High dynamic balancing

Despite the standing stability criterion for robots with co-planar contacts has been established for decades, i.e., restricting the ZMP within the support polygon, it is not clear how to define the standing stability margin when the robot executes high dynamic or impact motion, see the impact-experiment by the organizer Wang et al. [1].

Extract the relatively simple dynamics of balancing from the potentially complex complete dynamics of the whole robot; and we can design balance controllers that exhibit higher levels of speed, accuracy and robustness than previously reported, on top of the recent achievement [2], our invited speaker Roy Featherstone will share his latest opinion.

Momentum-based control design has demonstrated convincing results for humanoid balancing, such as stabilizing with partial footholds by Wiedebach et al. [3]. Despite the achievements, the momentum-based control design is an active research field with open questions such as:

  • What is the best control design to decouple the angular and linear momentum?
  • For robots performing in-air motions, how to represent the momentum with respect to the earth, to its COM, and to its floating-base?

Our invited speaker Dragomir Nenchev will share his most recent answer to these questions.

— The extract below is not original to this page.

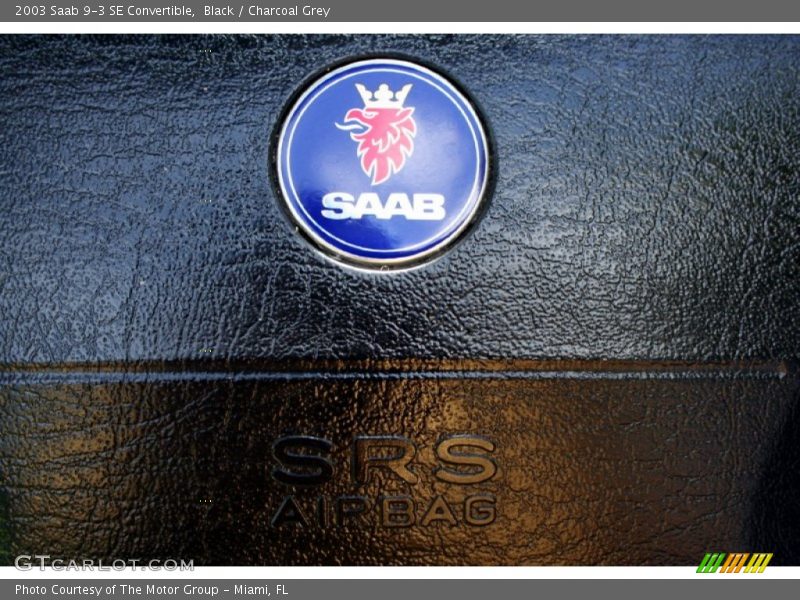 Black / Charcoal Grey 2003 Saab 9-3 SE Convertible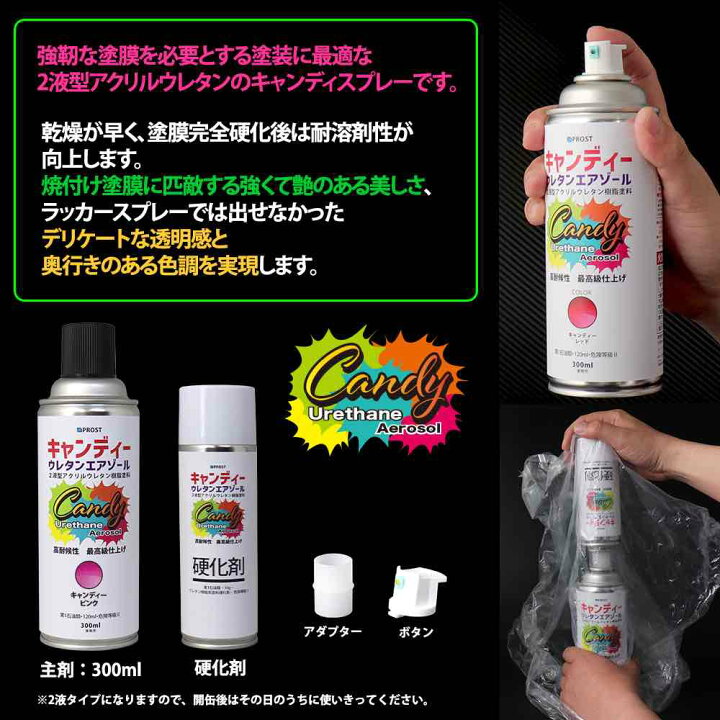 楽天市場】PROST キャンディー ウレタン エアゾール 上塗りクリヤー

[1] Yuquan Wang, Dehio Niels, Arnaud Tanguy, and Abderrahmane Kheddar. Impact-aware task-space quadratic-programming control. 2020. URL https://arxiv.org/pdf/2006.01987.pdf.

[2] Josephus JM Driessen, Roy Featherstone, and Antonios E Gkikakis. An actuator design criterion to maximize physical balance recovery. In 2018 IEEE/RSJ International Conference on Intelligent Robots and Systems (IROS), pages 2829–2836. IEEE, 2018.

[3] Georg Wiedebach, Sylvain Bertrand, Tingfan Wu, Luca Fiorio, Stephen McCrory, Robert Griffin, Francesco Nori, and Jerry Pratt. Walking on partial footholds including line contacts with the humanoid robot atlas. In IEEE-RAS International Conference on Humanoid Robots, pages 1312–1319, 2016.